A este mérito raro, junta-se uma sólida erudição espírita, teológica e jurídica que o tornará um dia, como outros que já deixaram a terra, superior padrão de espírita. Hoje, chamam-no alguns de excêntrico.
           
Quando há bonança e calmaria, quando a doutrina singra sem perigos, o filósofo excêntrico se recolhe à sua ladeira. Só não se esquecem dele os numes (divindades) e penates (deuses do lar para os romanos e etruscos).  Quando os vagalhões encapelados partem o seio úmido na quina da barca, ameaçando a tripulação; quando a propaganda tangencia os códigos humanos e atira ao banquinho dos réus um companheiro, então para logo ele é lembrado. E a casinha da ladeira permanece de vela acesa até a madrugada. Os gênios protetores ali descem em maior número, e o monge espírita começa a produzir a defesa que, a um tempo, salvará o companheiro e a Causa.

Estilo sóbrio, correção linguística, argumentação irretorquível tecem a obra modelar, graças a qual a Doutrina tem vencido os obstáculos das leis restritivas de sua divulgação.

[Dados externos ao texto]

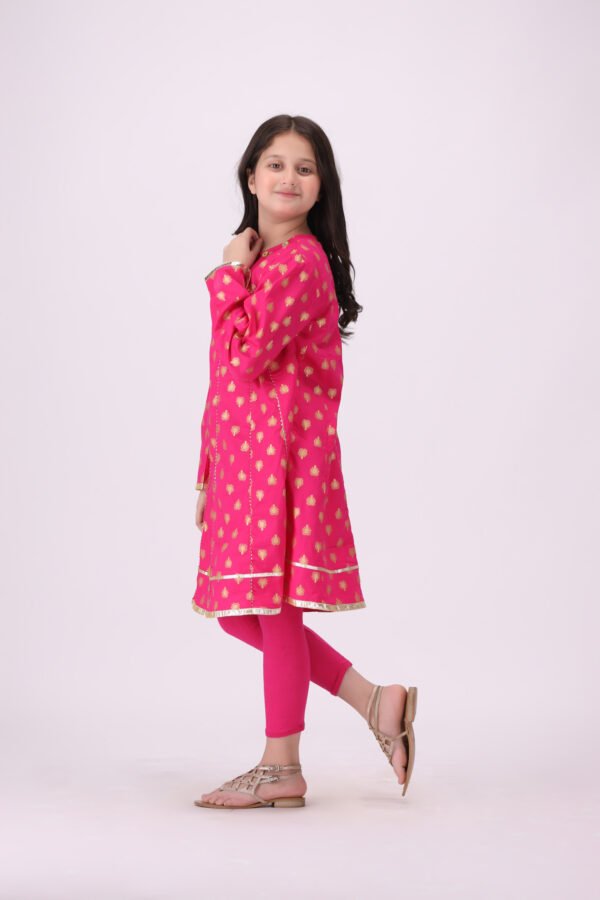 Adorable Rang-e-Bahar – Pink & Gold Frock for Kids | Festive Style - Image 6
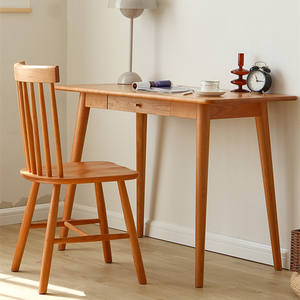 Escritorio de Madera Maciza Estilo Nórdico, Madera de Cerezo y Roble Blanco, 900x500x750mm, con Cajón, Escritorio para Estudio/Computadora - Product Image 2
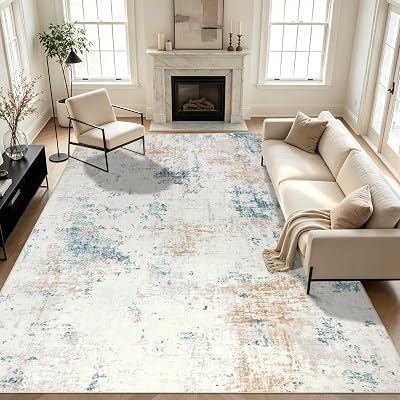 Homcomodar Large 160x230cm Washable Rug Non-Slip Beige Abstract Living Room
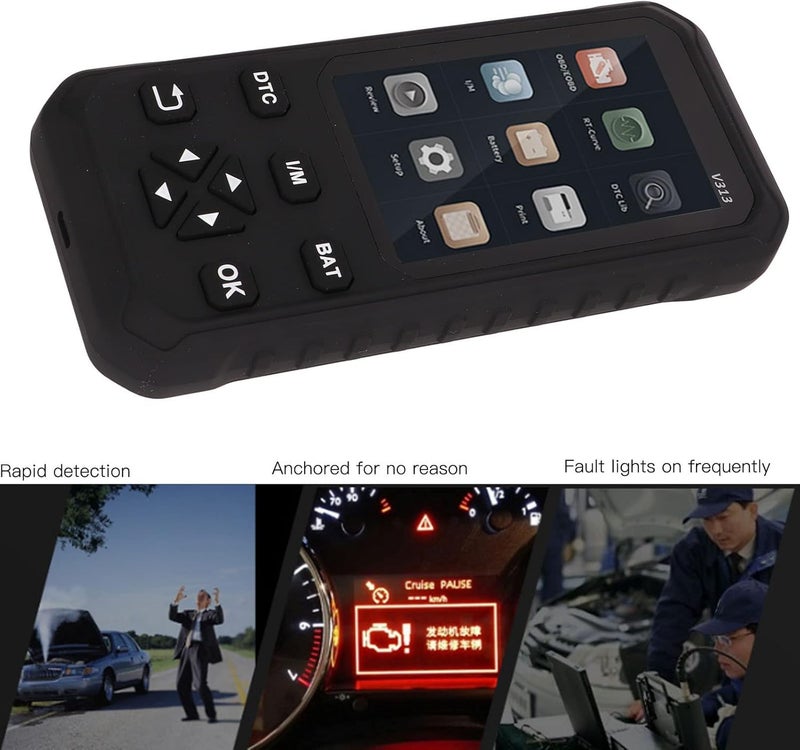 OBD2 Scanner Battery Tester, Car Diagnostic Scan Tool, 3.97 inch HD Code Reader with Real Time Voltage and CCA Detection for 12V Lead Batteries, Supports 9 Protocols - Image 4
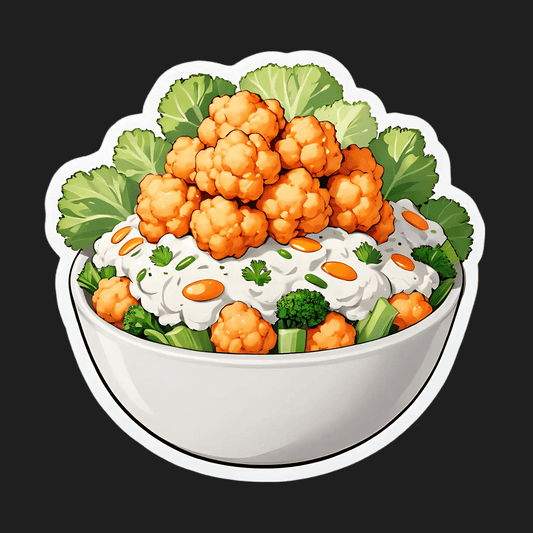 Cauliflower Bowl Sticker - Fresh and Healthy - Heat Press Transfer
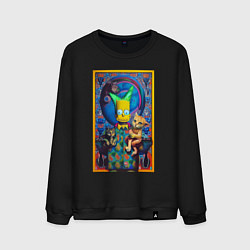 Свитшот хлопковый мужской Bart Simpson and cats - нейросеть - плакат, цвет: черный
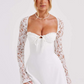Elegant Lace Mini Dress for Women with Cut-Out Bust, Flattering Fit, Perfect for Summer and Cocktail Events-3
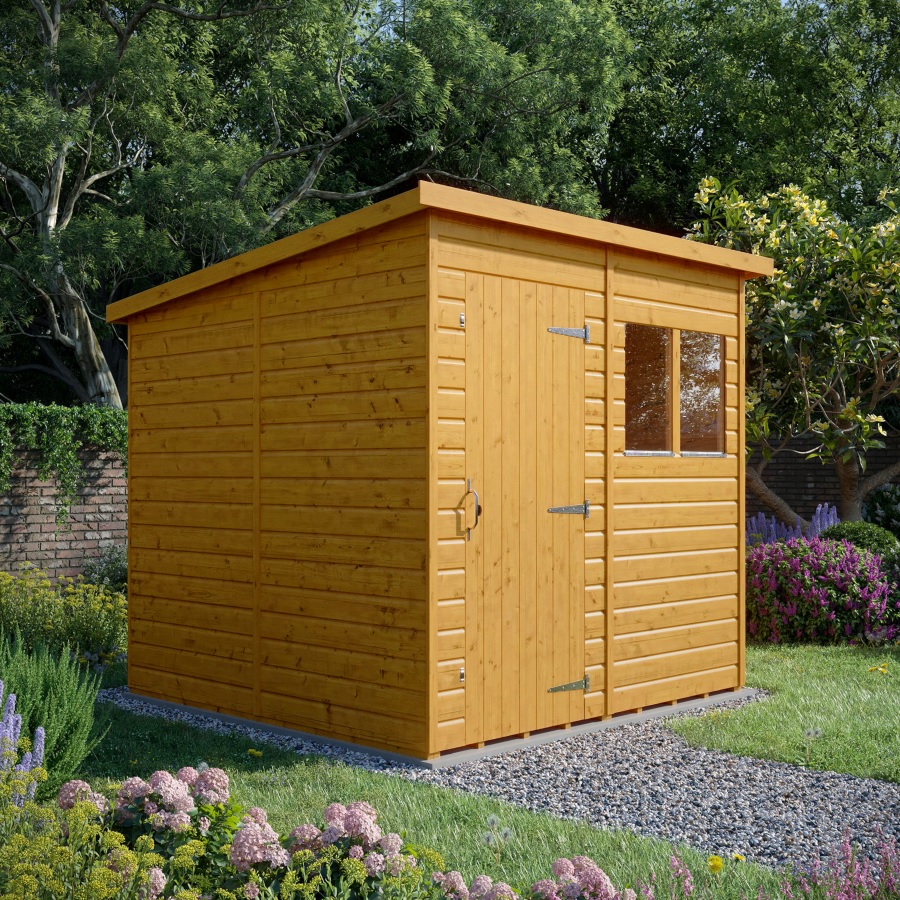 8x8 Pent Shed - Single Door, Windowed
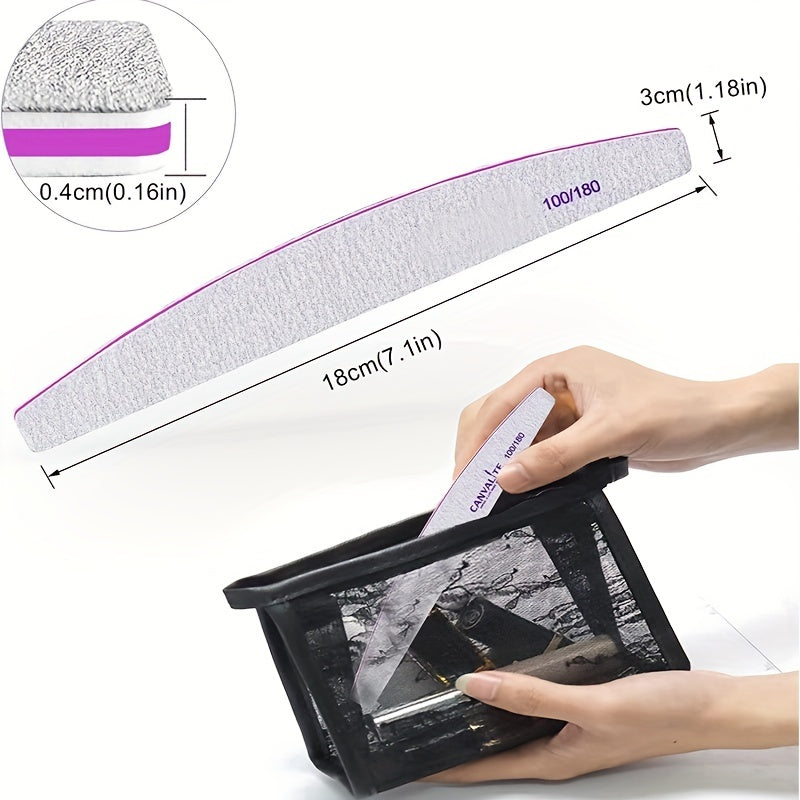 2pcs Nail Files and Buffers, 100/180 Grit, Durable Sandpaper for Manicure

Uma, duas, três... quantas vitórias já logrou a Federação na esfera jurídica? Não vale recordar. Mas todas, humanamente falando, são do velhinho bom, desse, filósofo sadio, do fidelíssimo e venerável servo do Senhor, que habita, só, a casinha do Ascurra. A liberdade de trabalho que logramos devemo-la em magna parte ao instrumento que soube defender os nossos problemáticos direitos, arrancando da consciência dos juízes o amparo que não poderia tirar das leis mal feitas e transitórias.

E os que o procuramos nas situações críticas lhe teremos sido sempre suficientemente gratos? Teremos dado à sua obra o apreço que merece? A humanidade é geralmente ingrata.

Ainda há poucos dias, conseguida, para todos nós espíritas, no Supremo Tribunal, a bela vitória que nos impeliu a escrever comovidos estes períodos, o velhinho subiu, só, como sempre, a ladeira onde reside. Ninguém o acompanhou ao descampado pouso. Galgou-o ele sozinho, esquecido a seu turno da ingratidão dos homens por levar a alma transportada de reconhecimento ao seu Senhor.

Na verdade, que importam ao solitário filósofo as manifestações dos homens,
se sempre por Jesus é que trabalha? Que importa ao bom varão não seja o seu trabalho em voz alta abençoado pelos que dele beneficiam, se o salário que espera não é deste mundo? Uma única recompensa ele aguarda, antegozando-a nas alegrias de uma consciência límpida! Essa te-la-á certamente no dia em que o céu, engalanado para o receber, disser pela boca dos nossos maiores: “Amado companheiro, cumpriste bem o teu dever; foste um exemplo!”